Reproduce exactly the lines from the one containing "this 1024×576 image." through the last line of the records below, both included, and nothing else.

[Saved data entries]
━━━━━━━━━━━━━━━━
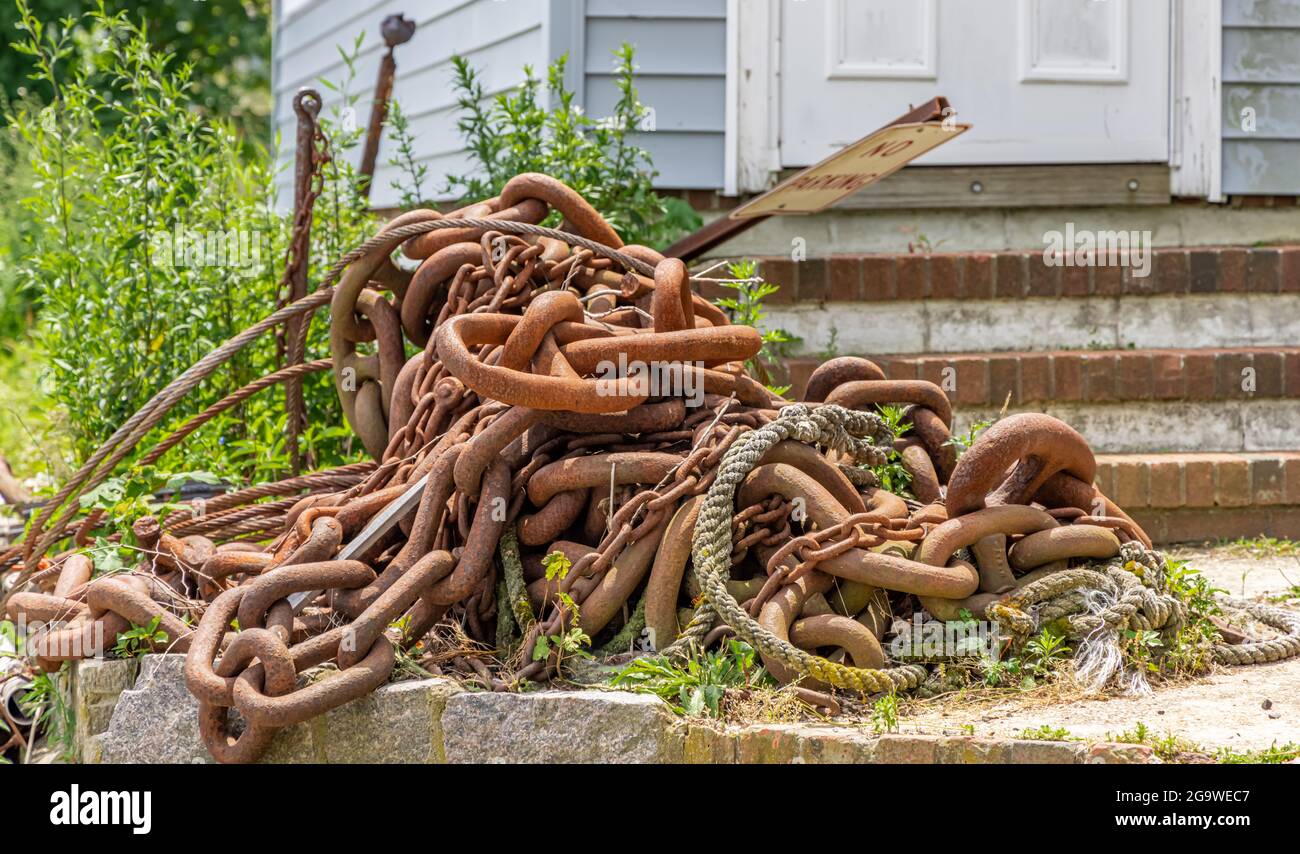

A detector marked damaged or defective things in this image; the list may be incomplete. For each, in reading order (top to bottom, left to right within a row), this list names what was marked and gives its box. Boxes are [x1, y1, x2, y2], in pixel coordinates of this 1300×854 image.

pile of rusty chain [5, 170, 1294, 764]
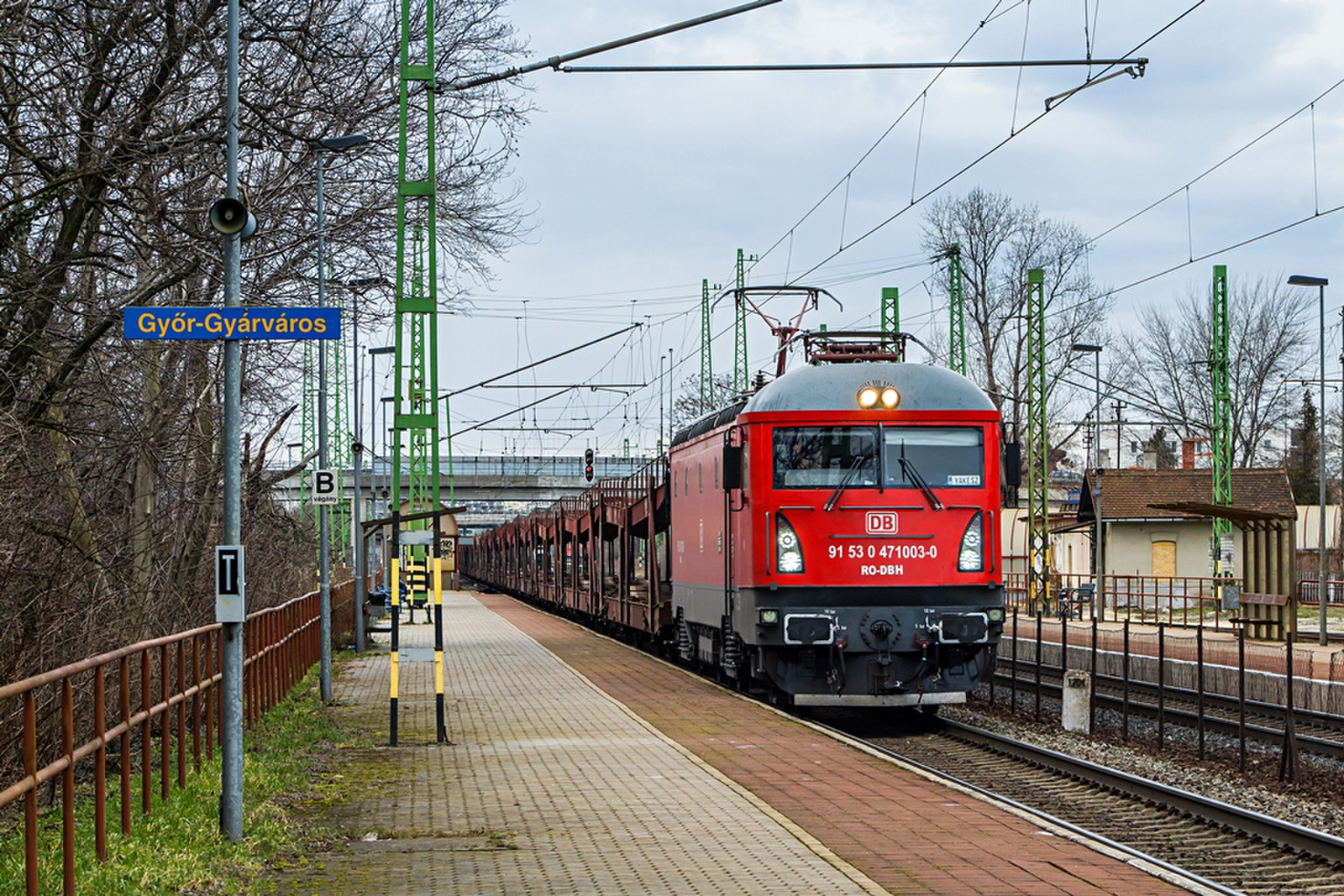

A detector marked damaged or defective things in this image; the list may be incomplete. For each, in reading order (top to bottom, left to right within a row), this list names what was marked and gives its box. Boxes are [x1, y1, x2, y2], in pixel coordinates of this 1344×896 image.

rusty fence rail [0, 583, 354, 896]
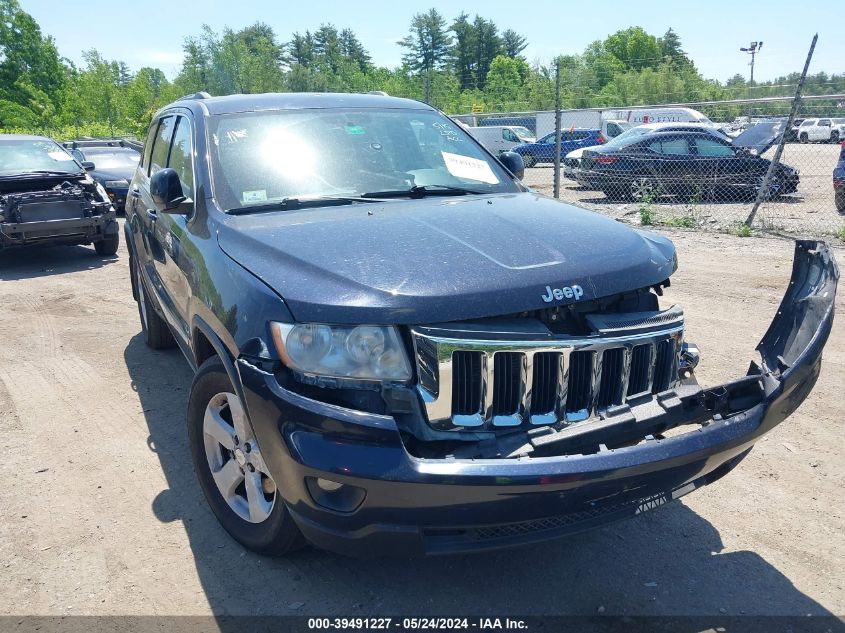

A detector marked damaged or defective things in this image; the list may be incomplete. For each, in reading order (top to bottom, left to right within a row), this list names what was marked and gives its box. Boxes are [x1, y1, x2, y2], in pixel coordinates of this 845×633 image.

damaged front bumper [237, 239, 836, 556]
detached bumper cover [239, 239, 836, 556]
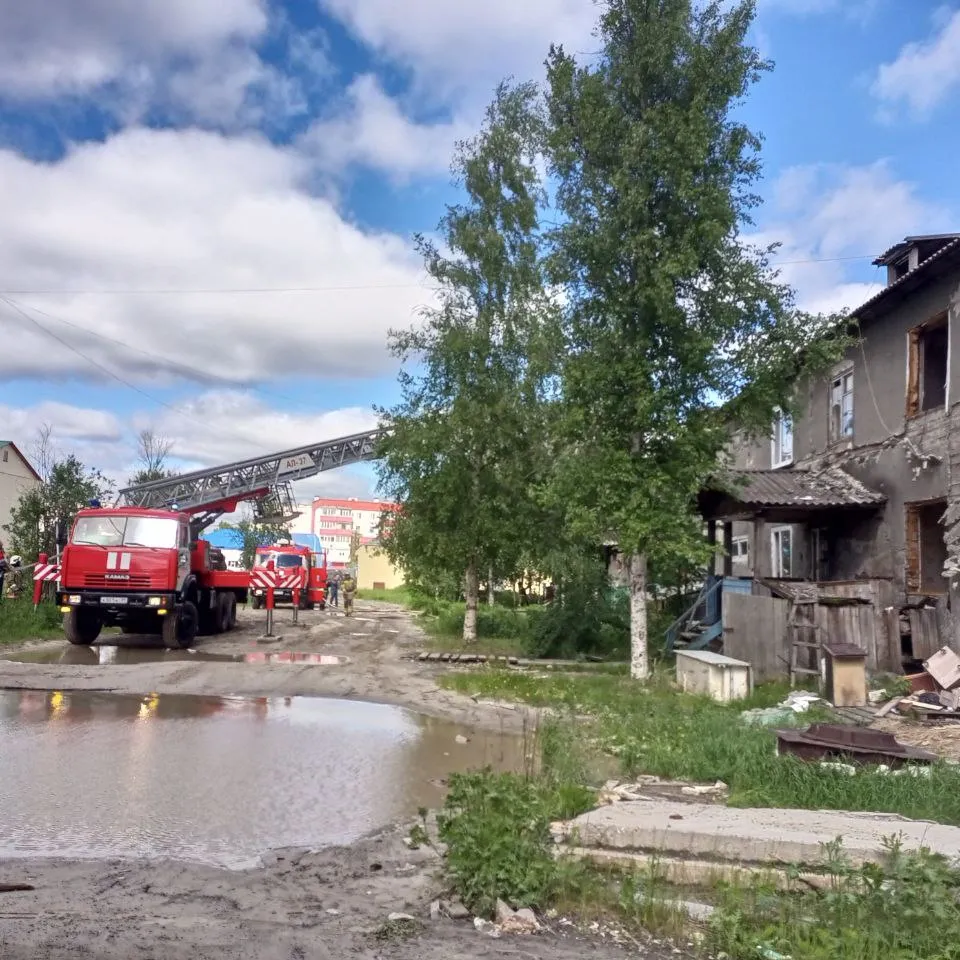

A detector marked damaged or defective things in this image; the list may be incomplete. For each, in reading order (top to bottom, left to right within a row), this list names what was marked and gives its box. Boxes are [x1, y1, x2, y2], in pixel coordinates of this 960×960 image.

broken window [904, 316, 948, 416]
broken window [772, 406, 796, 466]
broken window [824, 370, 856, 444]
damaged roof [704, 464, 884, 510]
broken window [768, 524, 792, 576]
broken window [908, 502, 944, 592]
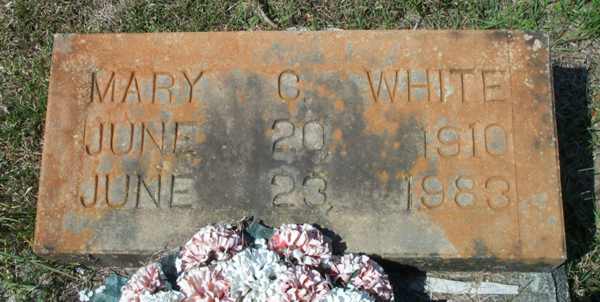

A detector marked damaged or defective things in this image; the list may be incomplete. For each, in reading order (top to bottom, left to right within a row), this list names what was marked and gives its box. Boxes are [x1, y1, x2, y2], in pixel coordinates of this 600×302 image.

rust-stained stone surface [34, 31, 568, 270]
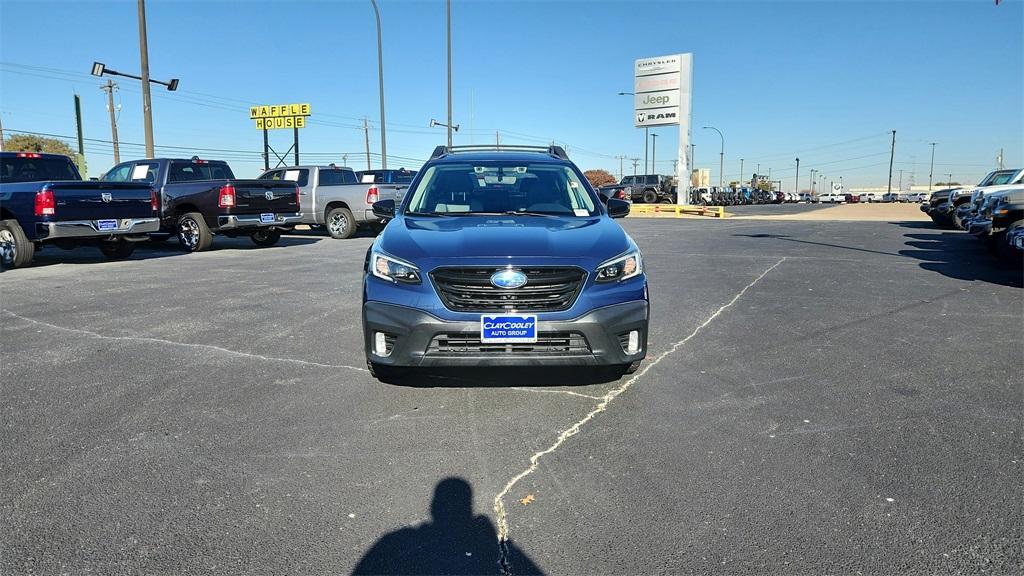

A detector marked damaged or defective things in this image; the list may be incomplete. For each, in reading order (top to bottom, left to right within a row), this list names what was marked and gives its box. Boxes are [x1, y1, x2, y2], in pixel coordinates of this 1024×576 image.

cracked pavement [0, 217, 1020, 576]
━━━━━━━━━━━━━━━━
Written answer:
A detector marked damaged or defective things in this image; the list may be incomplete. For each, in reading order (top to bottom, left to right within a row), this list names what was marked and gives its box. Boxes are [x1, y1, x2, y2], in pixel coordinates of this 1024×576 image.

cracked pavement [0, 217, 1020, 576]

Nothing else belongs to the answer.